Futbolda Şiddet Eğilimi / Psikolojik Sorunlar
Futbol seyirlik bir spor olma ve geniş halk kitlelerini peşinden sürükleme özelliklerinden dolayı diğer spor faaliyetlerinden daha farklıdır. Tribünler sosyal bir mozaik gibidir. Zengini ? yoksulu, muhafazakarı ? yenilikçisi, yaşlısı ? genci ile bir ahenktir tribün. Patronunun ezdiği çalışan, eşiyle sorunu olan koca, ailesine kızmış veya kız arkadaşıyla arası açık olan genç, dersleri kötü giden öğrenci, borç batağındaki esnaf hepsi tribünde deşarj olmak için, sıkıntılarını biraz olsun unutmak, rahatlamak için hazır bulunmaktadır.

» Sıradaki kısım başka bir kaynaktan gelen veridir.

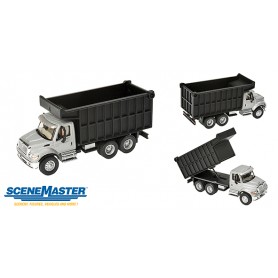 Walthers SceneMaster 11677 (HO) International® 7600 Dual-Axle Coal Truck - Silver Cab, Black Box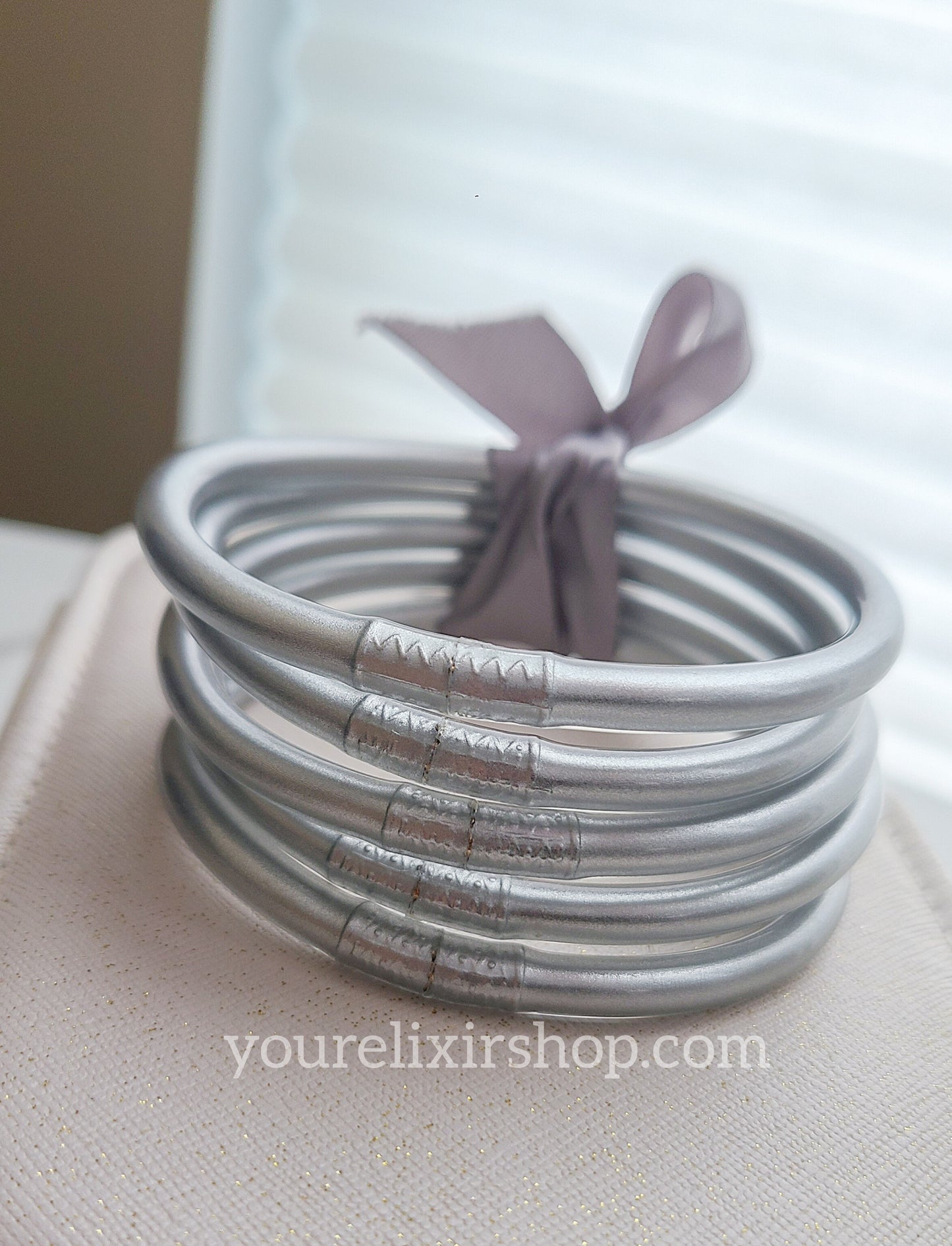 Matte Jelly Bangle Bracelets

Seyircilerin belirli ahlak kuralları içinde kalarak toplu halde karşı takım seyircilerine yaptıkları tezahüratlar makul görülmelidir. Çünkü; kişilerin kendilerini ifade edememe, yaşadığı ekonomik sosyal problemler ve hayat şartlarının ağır yükü masumane bir şekilde boşalmakta, taraftarlar kendilerini deşarj etmektedirler. Önemli olan nokta, eğer topluluk kendini bu yasal yollarla deşarj edemez ise günlük hayatta yasal olmayan yollarla kendini deşarj edecek olması ve diğer fertlere zarar verebileceği ihtimalidir.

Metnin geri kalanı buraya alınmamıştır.